Work instruction>
Without including any pictures, reproduce all the lines below word for word.

[Stored data — start]

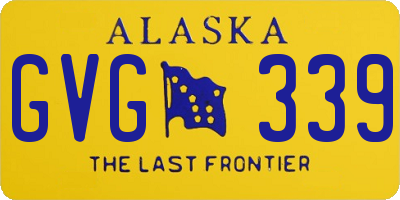 AK license plate GVG339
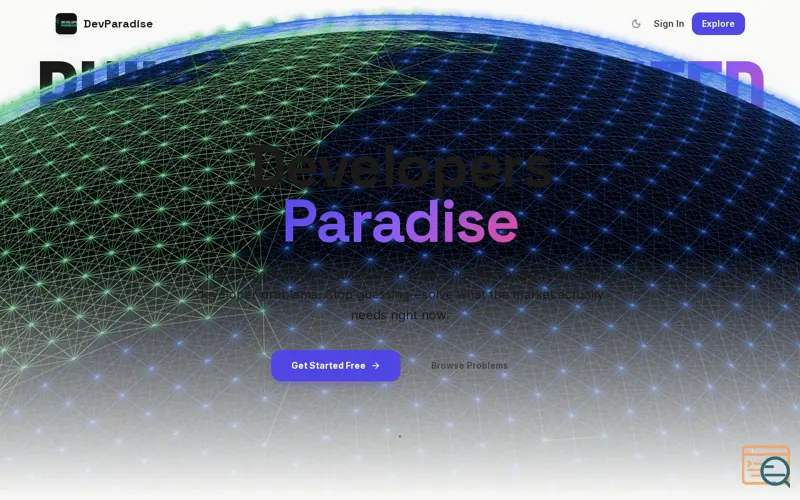 Screenshot of Developer's Paradise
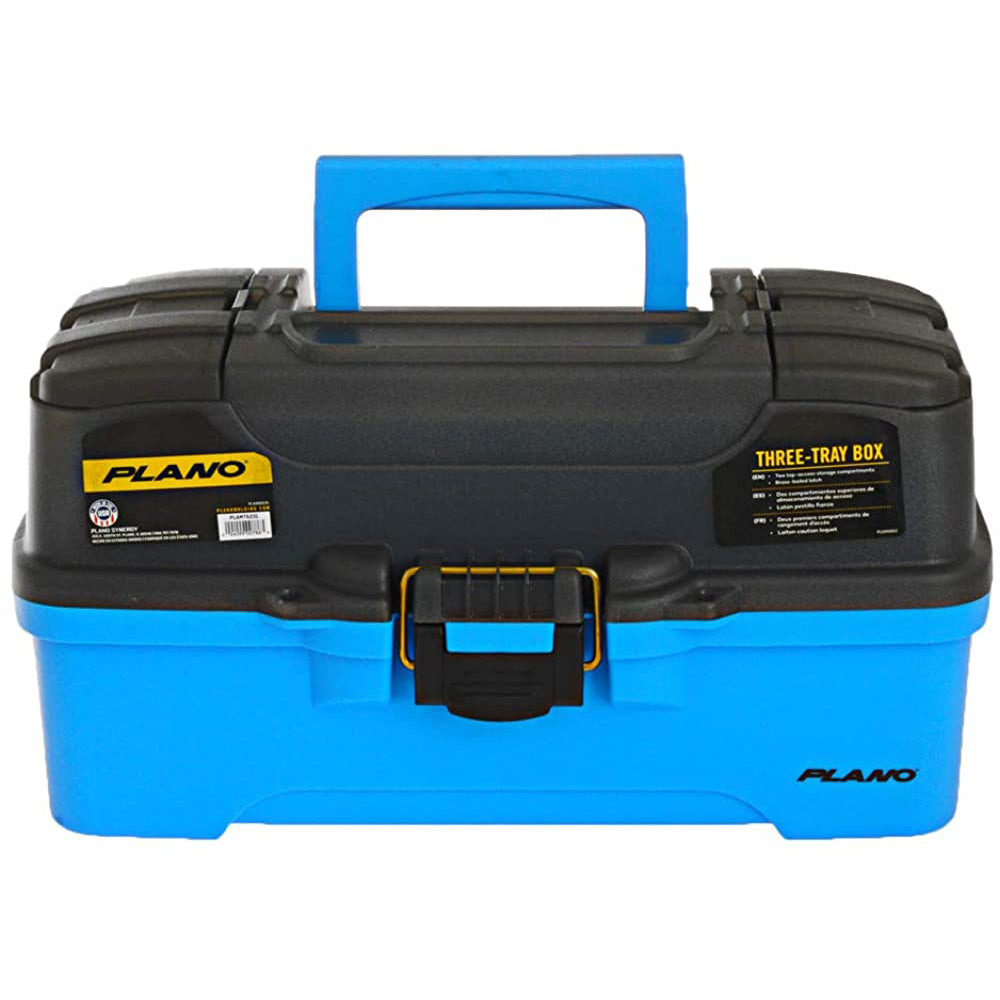 3-Tray Tackle Box w/Dual Top Access - Smoke & Bright Blue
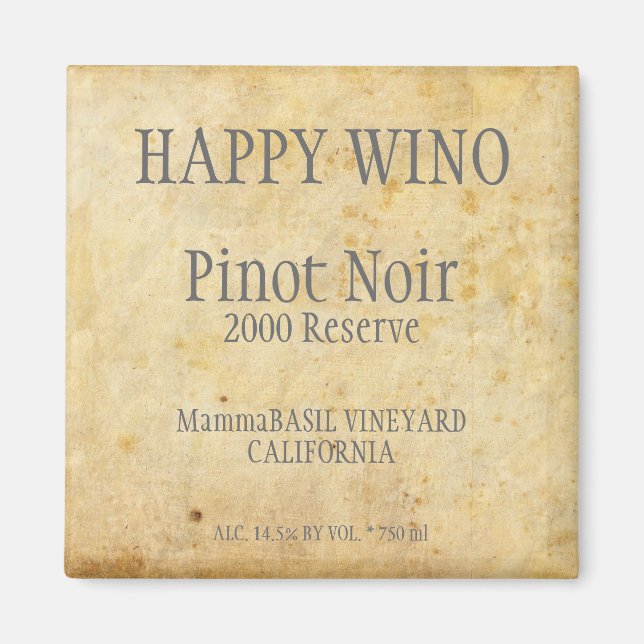 Pinot Noir Label Magnet (Vorne)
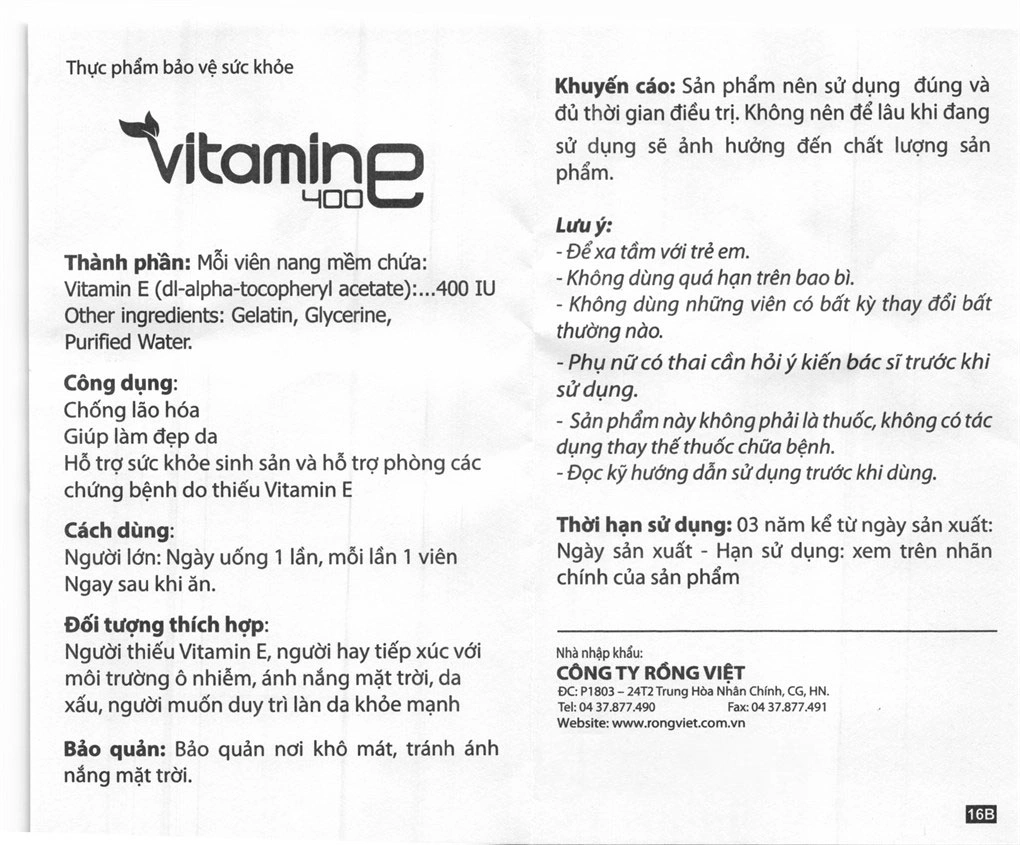Vitamin E 400Iu Usmart H/10 Vỉ - 6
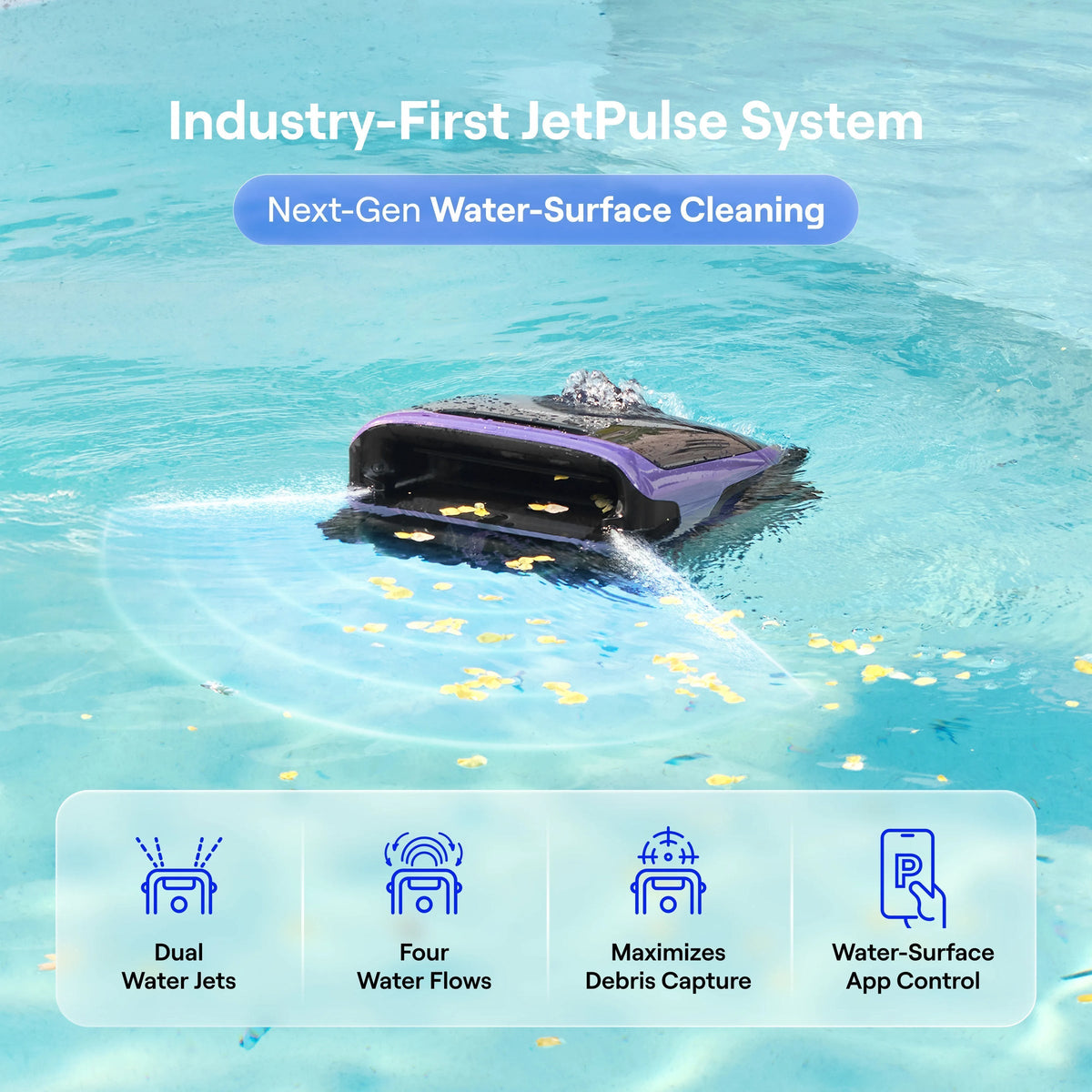 Beatbot Sora 70 Cordless Robotic Pool Cleaner — Floor, Wall & Waterline, App Control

[Stored data — finish]

Response for this exercise>
 AK license plate GVG339
 Screenshot of Developer's Paradise
 3-Tray Tackle Box w/Dual Top Access - Smoke & Bright Blue
 Pinot Noir Label Magnet (Vorne)
Vitamin E 400Iu Usmart H/10 Vỉ - 6
 Beatbot Sora 70 Cordless Robotic Pool Cleaner — Floor, Wall & Waterline, App Control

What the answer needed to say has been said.